Work to be completed:
Each entry must be given again exactly; images do not belong in the copy.

Given data:
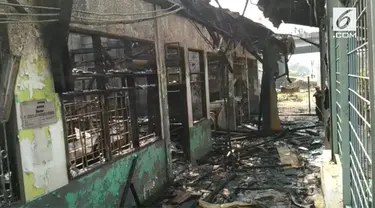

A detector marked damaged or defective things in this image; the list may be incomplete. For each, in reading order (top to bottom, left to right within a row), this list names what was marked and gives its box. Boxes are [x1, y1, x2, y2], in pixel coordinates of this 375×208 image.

charred debris on floor [144, 118, 326, 208]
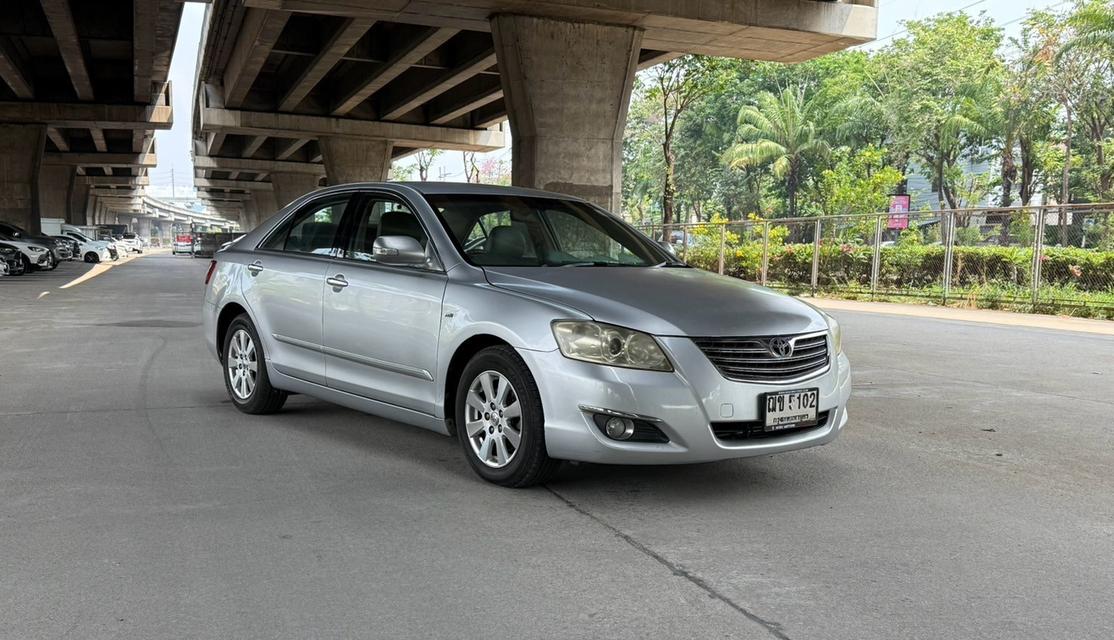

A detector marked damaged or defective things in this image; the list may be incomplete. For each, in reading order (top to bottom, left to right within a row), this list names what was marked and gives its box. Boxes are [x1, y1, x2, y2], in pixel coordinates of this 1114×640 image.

road surface crack [541, 487, 788, 636]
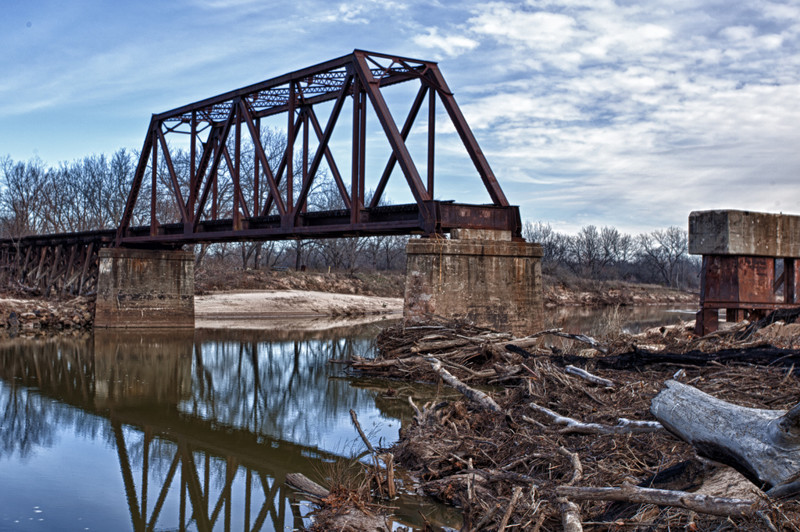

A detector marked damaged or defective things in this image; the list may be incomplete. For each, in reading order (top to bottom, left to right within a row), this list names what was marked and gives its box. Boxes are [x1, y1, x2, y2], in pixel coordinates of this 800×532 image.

rusty steel beam [115, 50, 520, 245]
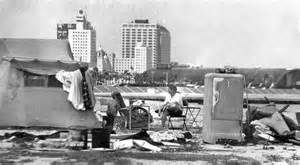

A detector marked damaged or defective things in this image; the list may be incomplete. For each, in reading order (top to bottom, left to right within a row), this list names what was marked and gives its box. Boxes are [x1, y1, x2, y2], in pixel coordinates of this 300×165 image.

Result of this task:
A detector marked damaged or defective things in this image; the list may be incomplete. For each, in reading order (top to bottom, left to right within a row), this list names what was marked and gives its box. Boxes are [x1, y1, x2, y2], in pixel coordinates of this 375×208 image.

charred debris on floor [144, 118, 326, 208]

A detector marked damaged or defective things in this image; the list may be incomplete. For each, in reading order (top to bottom, left to right within a row), this list names what was marked and gives its box. Boxes are [x1, y1, x2, y2], in pixel coordinates of this 1114×640 image.

road surface crack [541, 487, 788, 636]

A detector marked damaged or defective things in this image; the list may be incomplete. For each, in reading order (top to bottom, left to right within a row), this list names what was marked and gives its box. Boxes are [x1, y1, x2, y2], in pixel coordinates of this 800×532 image.

rusty steel beam [115, 50, 520, 245]

A detector marked damaged or defective things in this image; the list may be incomplete. For each, in reading order (top to bottom, left to right within a row), this list names what was marked and gives its box. Boxes are [x1, y1, x2, y2], in pixel coordinates of this 300×165 image.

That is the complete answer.